> **TRY IT**:
With both ends included, repeat exactly the lines of the entries below from the one containing "Louis Vuitton Bag" down to the one containing "Fahrzeugabbildung Hyundai Inster", and no others.

> **PROVIDED DATA**:
╭──

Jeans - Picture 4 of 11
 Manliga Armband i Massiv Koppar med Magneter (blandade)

╰──
╭──

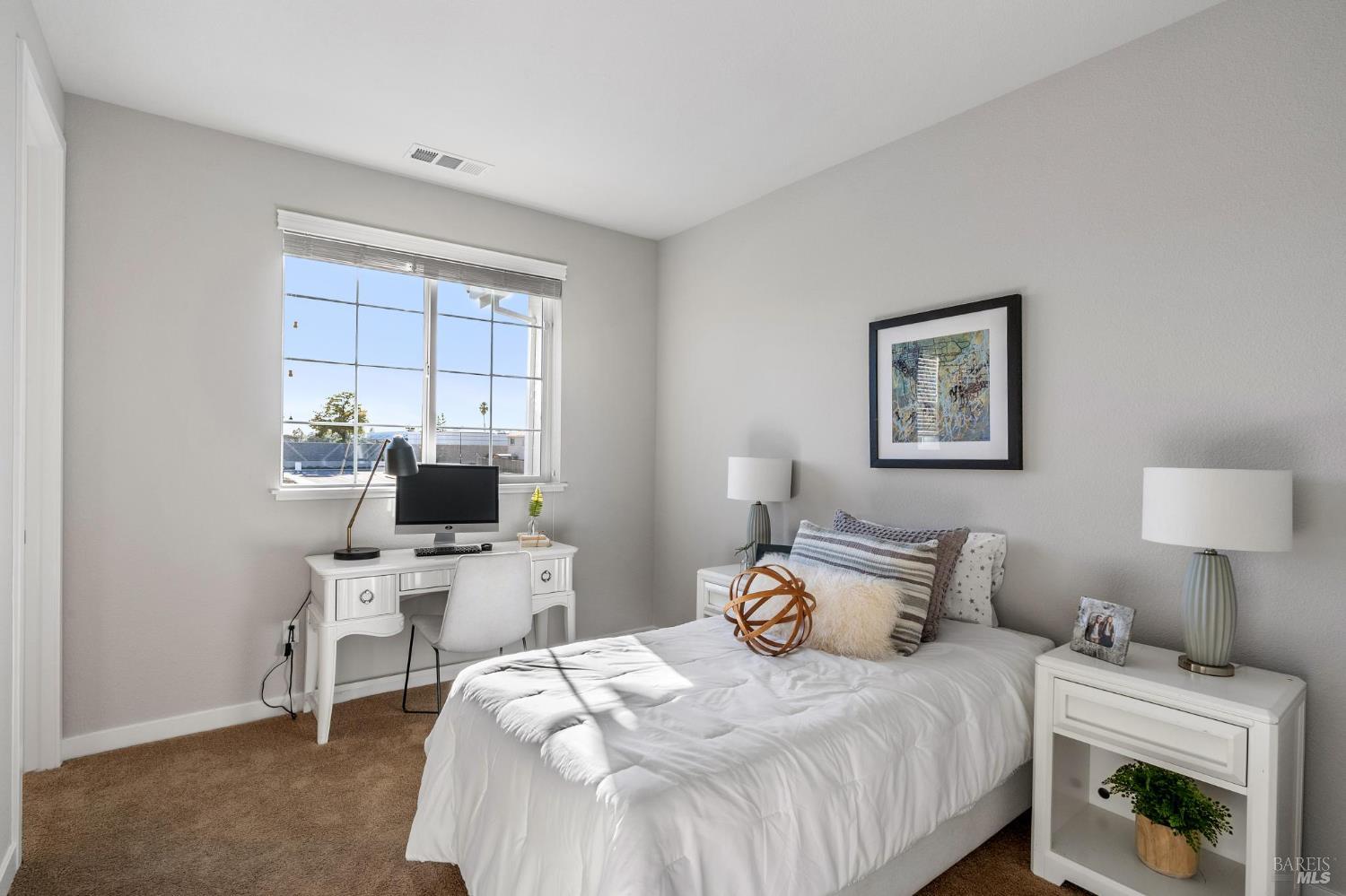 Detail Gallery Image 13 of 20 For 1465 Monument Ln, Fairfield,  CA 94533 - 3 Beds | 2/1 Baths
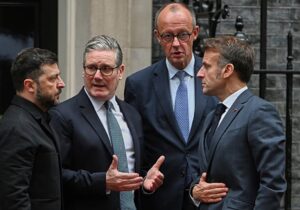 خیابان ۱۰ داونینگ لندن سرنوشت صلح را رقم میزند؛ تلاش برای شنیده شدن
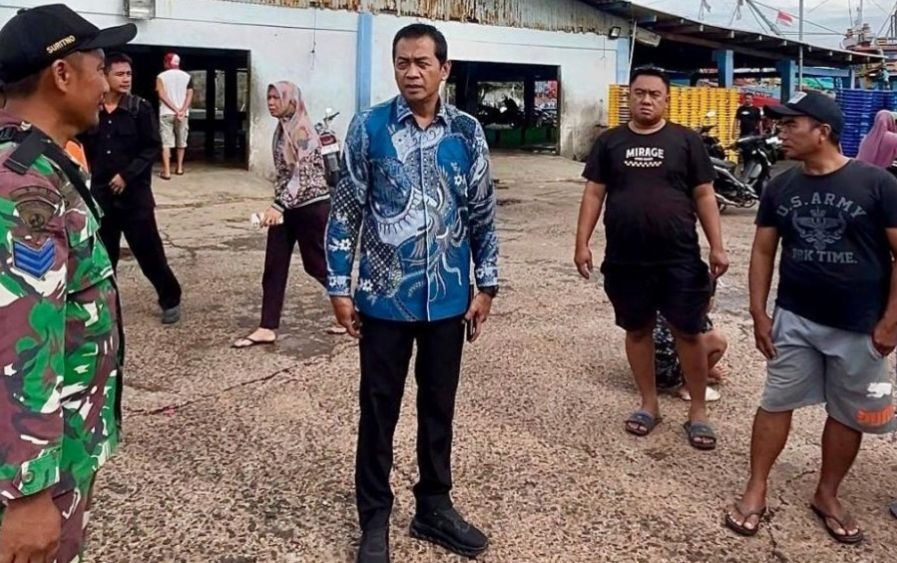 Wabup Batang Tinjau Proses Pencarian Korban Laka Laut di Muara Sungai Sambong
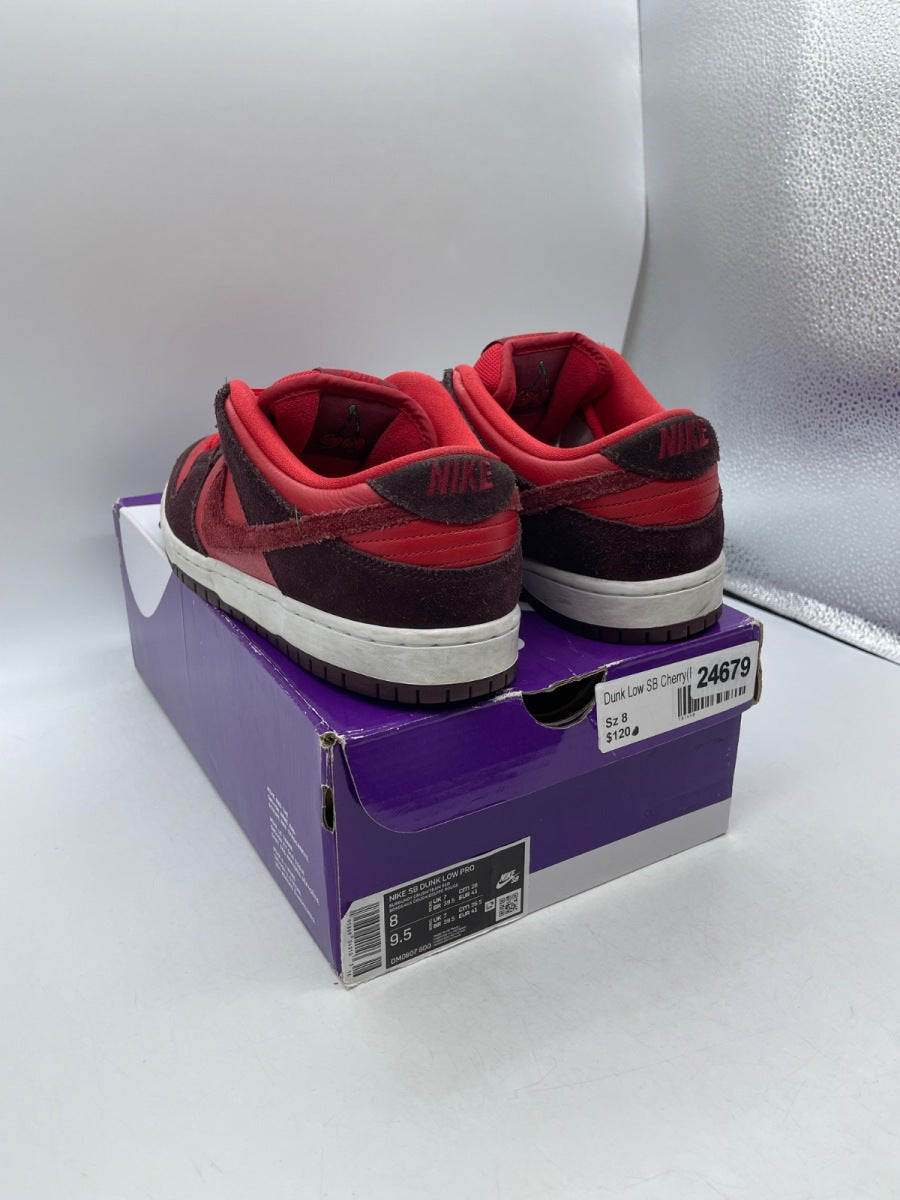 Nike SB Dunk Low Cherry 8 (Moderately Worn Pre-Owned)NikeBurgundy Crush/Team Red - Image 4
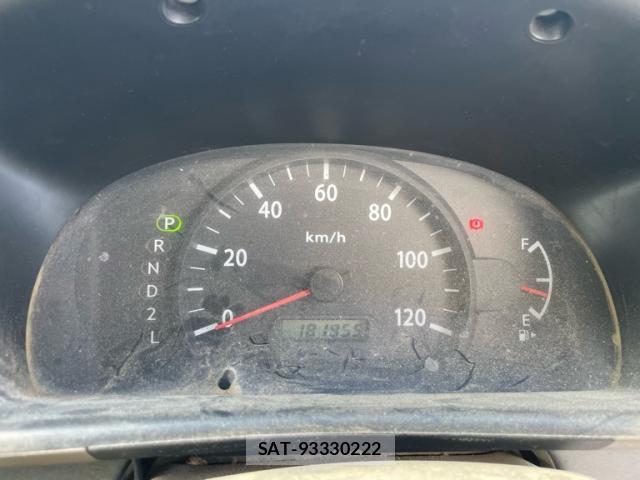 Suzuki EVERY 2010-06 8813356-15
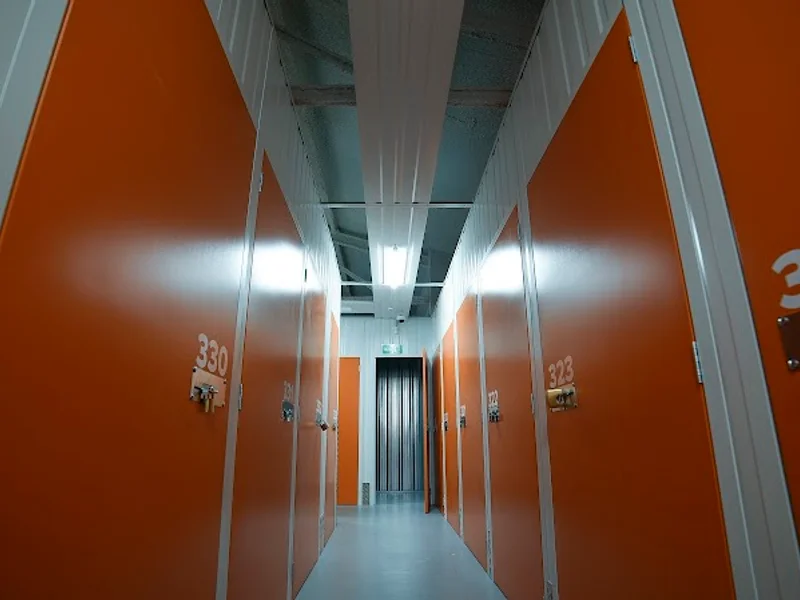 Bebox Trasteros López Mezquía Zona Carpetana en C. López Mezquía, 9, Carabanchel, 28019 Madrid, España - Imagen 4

╰──
╭──

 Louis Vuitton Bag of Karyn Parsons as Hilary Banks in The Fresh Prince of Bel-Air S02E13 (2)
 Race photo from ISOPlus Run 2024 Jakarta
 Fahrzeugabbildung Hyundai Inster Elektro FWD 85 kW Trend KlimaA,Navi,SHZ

╰──

> **ANSWER BELOW**:
 Louis Vuitton Bag of Karyn Parsons as Hilary Banks in The Fresh Prince of Bel-Air S02E13 (2)
 Race photo from ISOPlus Run 2024 Jakarta
 Fahrzeugabbildung Hyundai Inster Elektro FWD 85 kW Trend KlimaA,Navi,SHZ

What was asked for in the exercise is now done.